[INFORMATION GIVEN]:
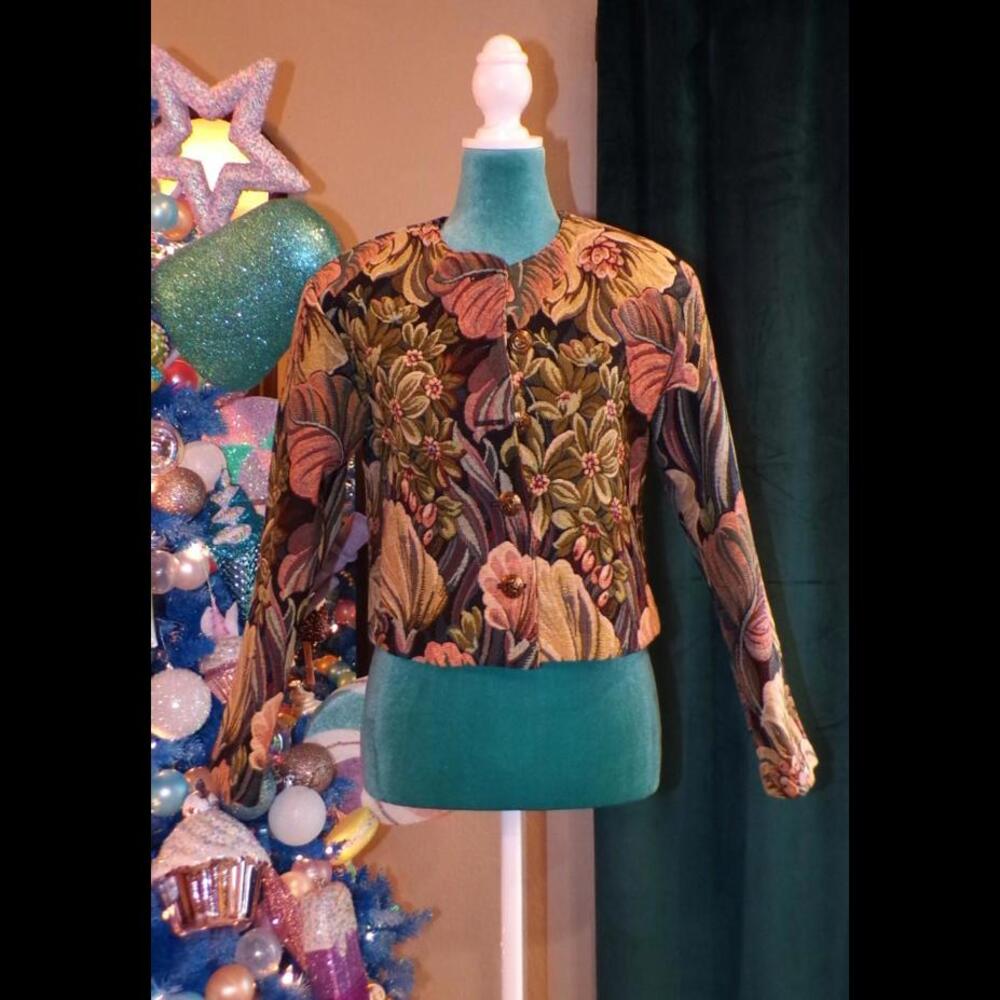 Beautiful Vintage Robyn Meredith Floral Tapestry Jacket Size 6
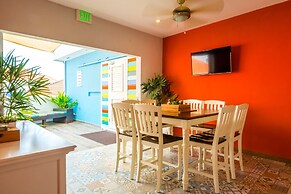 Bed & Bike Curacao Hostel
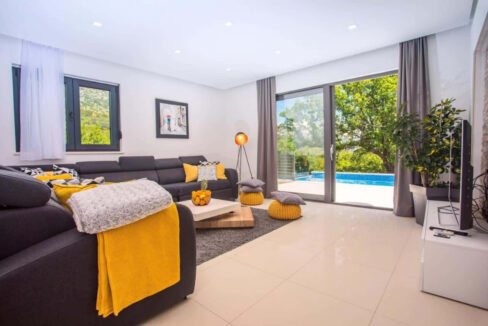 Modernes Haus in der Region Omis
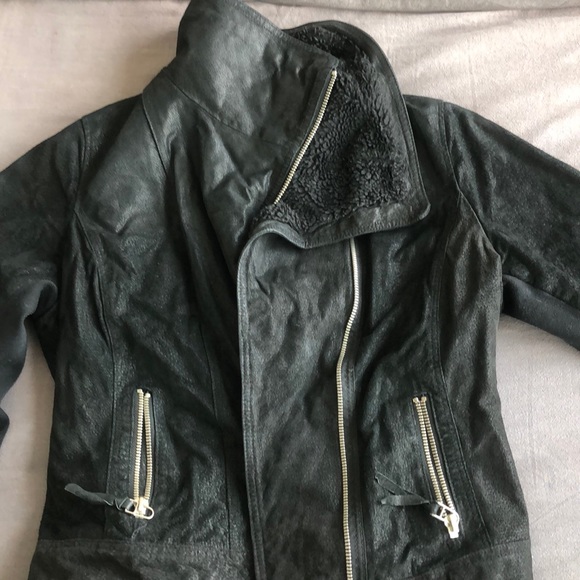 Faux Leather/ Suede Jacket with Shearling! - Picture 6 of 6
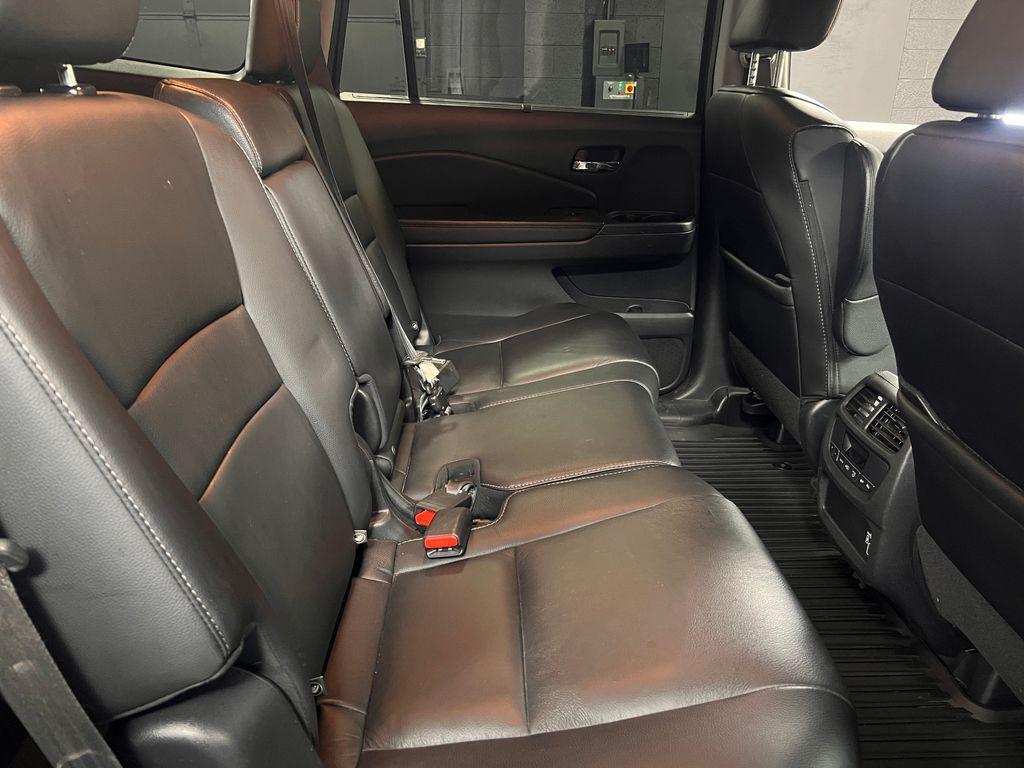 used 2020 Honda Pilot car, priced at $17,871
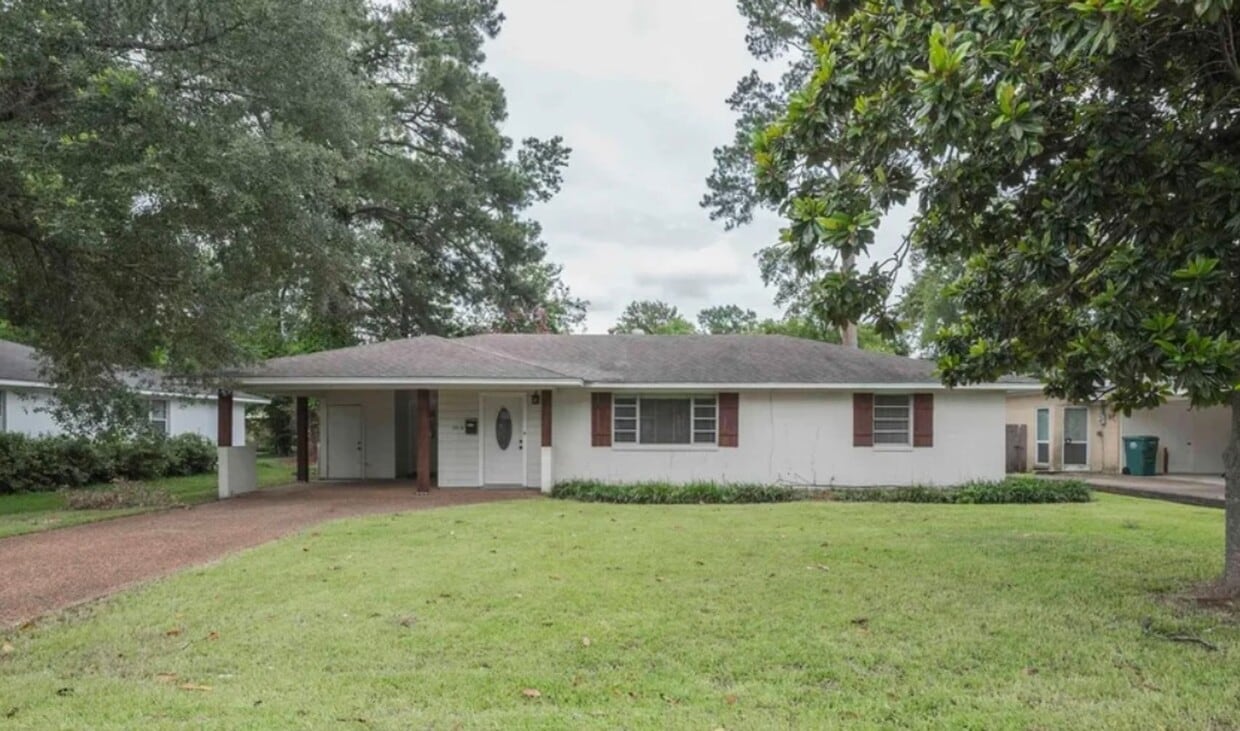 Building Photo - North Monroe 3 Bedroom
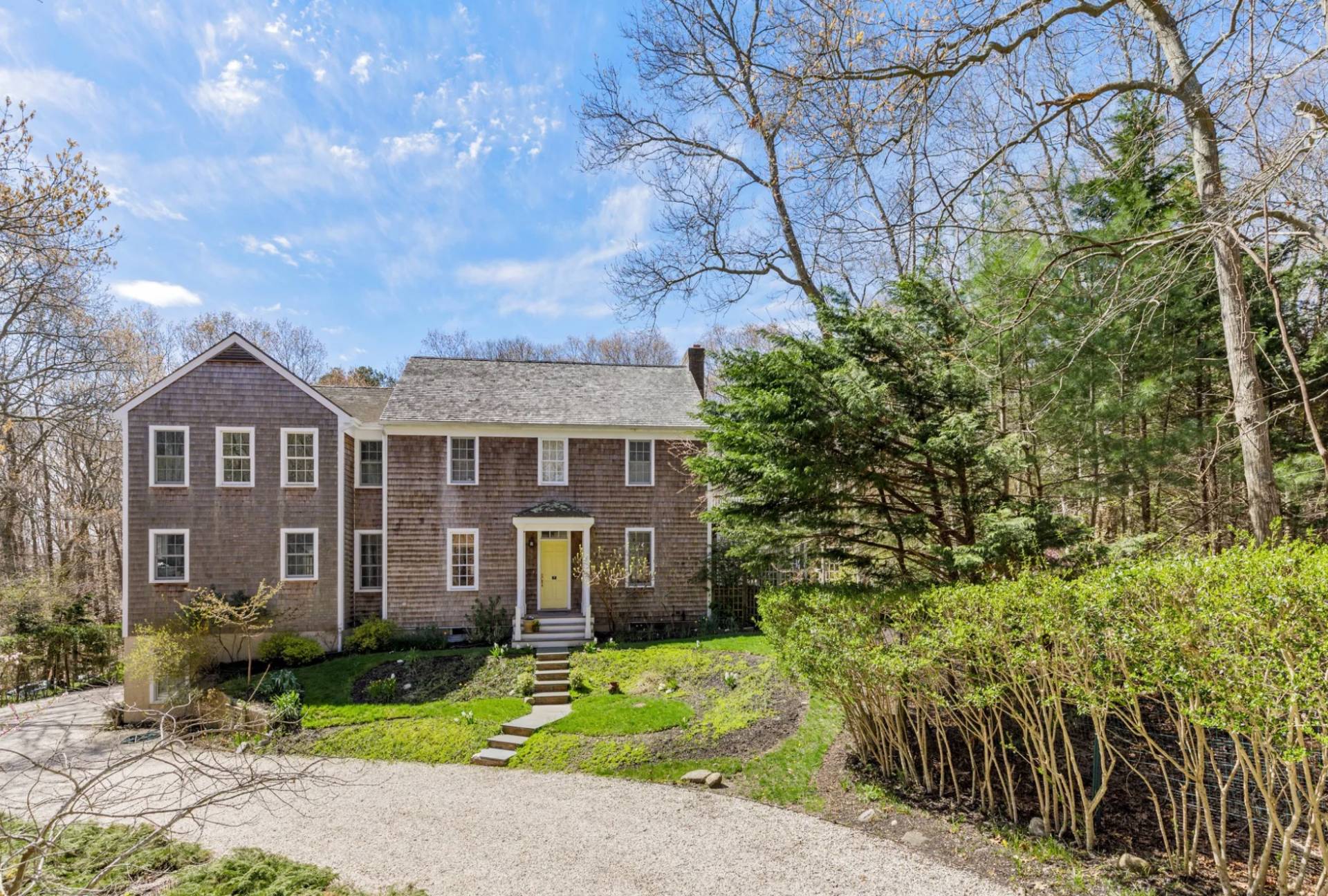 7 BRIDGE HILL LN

---

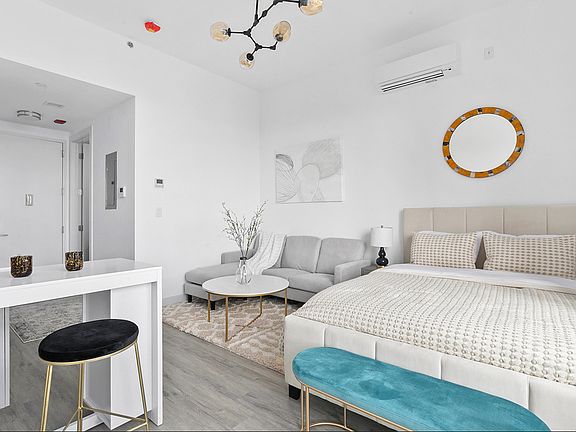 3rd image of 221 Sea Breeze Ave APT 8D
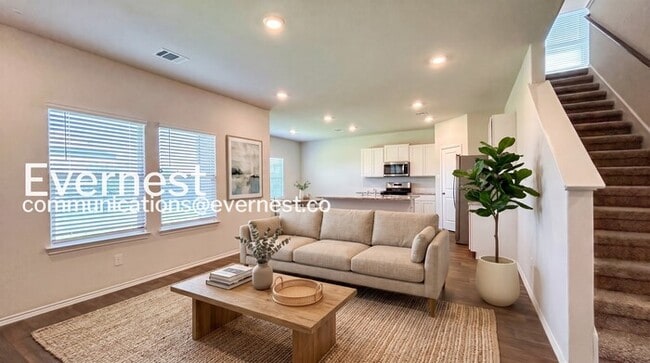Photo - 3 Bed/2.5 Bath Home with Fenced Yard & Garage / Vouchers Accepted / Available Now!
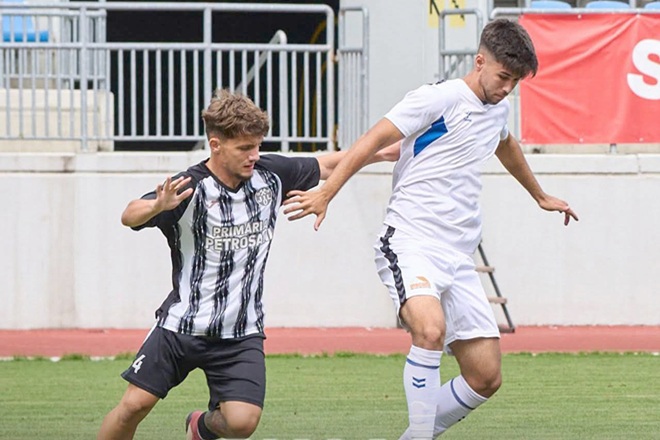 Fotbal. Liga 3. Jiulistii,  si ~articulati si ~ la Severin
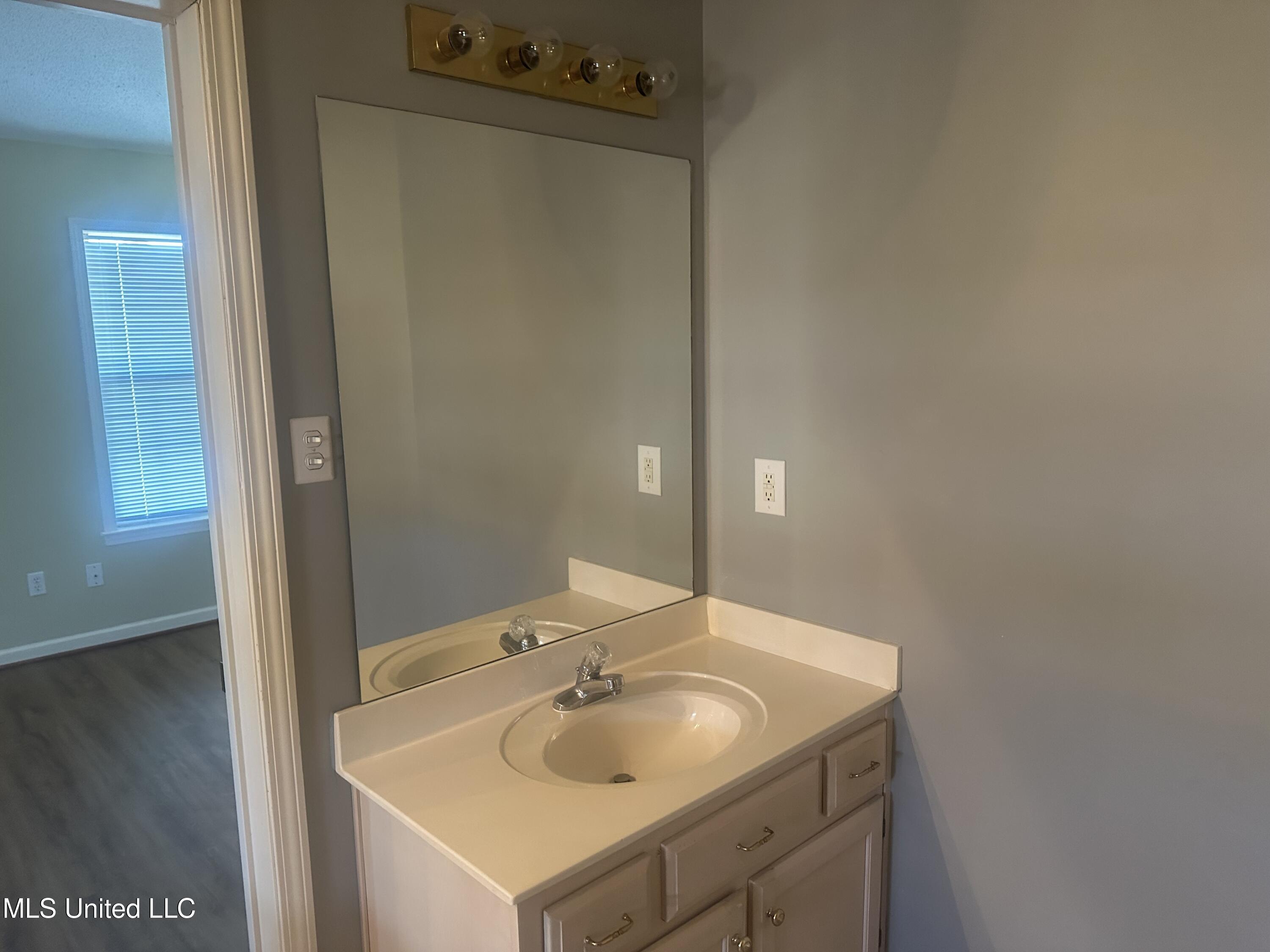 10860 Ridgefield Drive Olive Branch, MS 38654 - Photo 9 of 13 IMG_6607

[TASK OBJECTIVE]:
When you reach the line with "Beautiful Vintage Robyn" in the records above, start writing out each line exactly, and stop after the line with "7 BRIDGE HILL LN". Pictures stay out.

[RESPONSE AREA]:
 Beautiful Vintage Robyn Meredith Floral Tapestry Jacket Size 6
 Bed & Bike Curacao Hostel
 Modernes Haus in der Region Omis
 Faux Leather/ Suede Jacket with Shearling! - Picture 6 of 6
 used 2020 Honda Pilot car, priced at $17,871
 Building Photo - North Monroe 3 Bedroom
 7 BRIDGE HILL LN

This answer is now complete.